Il censimento e la paura del nuovo

A proposito del mutamento che ha caratterizzato l’avvento di un’epoca completamente dominata dal medium televisivo, una volta Umberto Eco ha detto che, mentre fino agli anni Settanta del secolo scorso la televisione era “una finestra aperta sul mondo”, dall’inizio degli Ottanta in poi si è invece trasformata progressivamente in “una finestra aperta su una finestra aperta”.

Se applichiamo una tale intuizione all’esito del censimento dei gruppi linguistici presenti in provincia, mi pare sia proprio questo il referto maggiore. Certo molto più rilevante e significativo delle striminzite variazioni registrate in rapporto agli acquisti e alle perdite di “materiale etnico” attese o paventate nell’immediata vigilia della comunicazione dei dati. Anzi, proprio l’irrisoria entità di queste variazioni – contestualmente alla persistenza delle attese e delle paure – dimostra che ormai il rituale della “conta”, come lo chiamava Alexander Langer, è diventato un’istituzione alla quale non si può rinunciare purché continui a confermare che nulla è cambiato. Una specie di esorcismo di massa, quindi. Espresso però con l’ausilio moderno e incontestabile della scienza cartesiana.

Figuriamoci allora se venissero introdotti sul serio altri termini di riferimento percettivi in grado di spostare i confini tra le aggregazioni abituali (settanta tedeschi scarsi, venticinque italiani abbondanti e quasi cinque ladini su cento) e avessimo di colpo a che fare con gruppi linguistici ulteriori, ibridi o comunque irriducibili alla fisionomia degli insiemi con i quali l’autonomia suole attestare i suoi codici di riconoscimento e distribuire le risorse. Il “sistema” andrebbe probabilmente in tilt, avremmo imponderabili rigurgiti di conflitti considerati definitivamente passati, e si tratterebbe di affrontare l’enorme fatica di riformulare l’immagine della realtà abbandonando qualche vecchio desiderio, rivelatosi nel frattempo completamente illusorio.

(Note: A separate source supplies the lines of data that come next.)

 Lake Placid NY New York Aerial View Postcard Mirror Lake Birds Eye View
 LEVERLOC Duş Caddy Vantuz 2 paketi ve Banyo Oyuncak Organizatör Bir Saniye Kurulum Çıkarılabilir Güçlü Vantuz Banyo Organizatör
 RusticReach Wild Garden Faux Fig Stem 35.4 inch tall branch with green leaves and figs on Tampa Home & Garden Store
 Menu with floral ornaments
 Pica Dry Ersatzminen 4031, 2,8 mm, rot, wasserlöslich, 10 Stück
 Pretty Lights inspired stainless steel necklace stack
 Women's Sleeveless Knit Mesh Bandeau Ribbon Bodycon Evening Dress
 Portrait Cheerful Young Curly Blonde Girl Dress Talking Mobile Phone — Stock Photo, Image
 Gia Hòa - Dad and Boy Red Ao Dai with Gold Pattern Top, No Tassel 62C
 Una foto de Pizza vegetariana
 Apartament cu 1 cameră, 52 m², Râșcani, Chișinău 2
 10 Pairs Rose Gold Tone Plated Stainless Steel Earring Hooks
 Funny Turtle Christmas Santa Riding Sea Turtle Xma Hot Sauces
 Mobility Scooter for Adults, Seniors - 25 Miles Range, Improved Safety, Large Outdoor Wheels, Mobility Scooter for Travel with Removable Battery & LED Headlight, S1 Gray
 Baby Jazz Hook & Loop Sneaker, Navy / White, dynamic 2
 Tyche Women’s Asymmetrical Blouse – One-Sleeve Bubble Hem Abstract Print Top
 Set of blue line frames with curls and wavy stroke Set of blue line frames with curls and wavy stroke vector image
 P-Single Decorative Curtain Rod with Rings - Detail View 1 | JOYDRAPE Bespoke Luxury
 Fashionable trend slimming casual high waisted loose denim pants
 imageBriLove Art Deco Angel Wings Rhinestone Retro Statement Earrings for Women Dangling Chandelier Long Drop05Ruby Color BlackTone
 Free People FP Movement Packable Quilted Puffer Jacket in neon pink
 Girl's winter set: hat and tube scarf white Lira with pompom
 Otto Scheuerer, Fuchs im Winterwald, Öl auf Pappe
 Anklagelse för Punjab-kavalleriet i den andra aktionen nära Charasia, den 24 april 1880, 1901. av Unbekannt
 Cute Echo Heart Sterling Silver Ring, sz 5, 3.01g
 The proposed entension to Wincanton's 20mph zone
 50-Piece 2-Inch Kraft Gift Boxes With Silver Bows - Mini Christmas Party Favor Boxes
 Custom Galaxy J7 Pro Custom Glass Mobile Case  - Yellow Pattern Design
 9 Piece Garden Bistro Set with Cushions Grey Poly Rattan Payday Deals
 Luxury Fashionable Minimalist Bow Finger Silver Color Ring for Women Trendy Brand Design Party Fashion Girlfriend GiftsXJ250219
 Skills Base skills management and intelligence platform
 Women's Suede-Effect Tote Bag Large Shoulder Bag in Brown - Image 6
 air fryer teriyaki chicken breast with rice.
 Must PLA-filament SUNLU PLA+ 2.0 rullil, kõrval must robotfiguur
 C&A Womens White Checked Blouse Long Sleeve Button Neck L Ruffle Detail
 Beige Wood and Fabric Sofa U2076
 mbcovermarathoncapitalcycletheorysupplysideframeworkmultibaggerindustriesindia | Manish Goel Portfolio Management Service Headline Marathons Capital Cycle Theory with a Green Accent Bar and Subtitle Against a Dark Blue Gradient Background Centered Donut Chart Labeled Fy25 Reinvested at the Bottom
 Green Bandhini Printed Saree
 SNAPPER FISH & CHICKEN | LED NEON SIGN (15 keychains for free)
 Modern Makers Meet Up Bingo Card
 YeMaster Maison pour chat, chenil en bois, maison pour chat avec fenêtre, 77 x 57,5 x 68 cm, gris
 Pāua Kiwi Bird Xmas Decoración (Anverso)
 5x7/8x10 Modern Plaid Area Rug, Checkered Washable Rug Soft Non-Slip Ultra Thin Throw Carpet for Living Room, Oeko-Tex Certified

A questo punto occorre però rendersi conto fino in fondo di cosa voglia dire continuare a stare davanti a “una finestra aperta su una finestra aperta”. Perché qui si palesa tutta la nostra incapacità di liberarci da attitudini e schemi ritenuti per adesso ancora sufficienti a garantire la sicurezza di cui abbiamo bisogno per reggere alle sfide future. L’idea che, al contrario, siano proprio tali attitudini e schemi a rimandare l’appuntamento col nuovo, non sembra finora riuscita a raggiungere un livello di sufficiente maturazione e affidabilità. Purtroppo.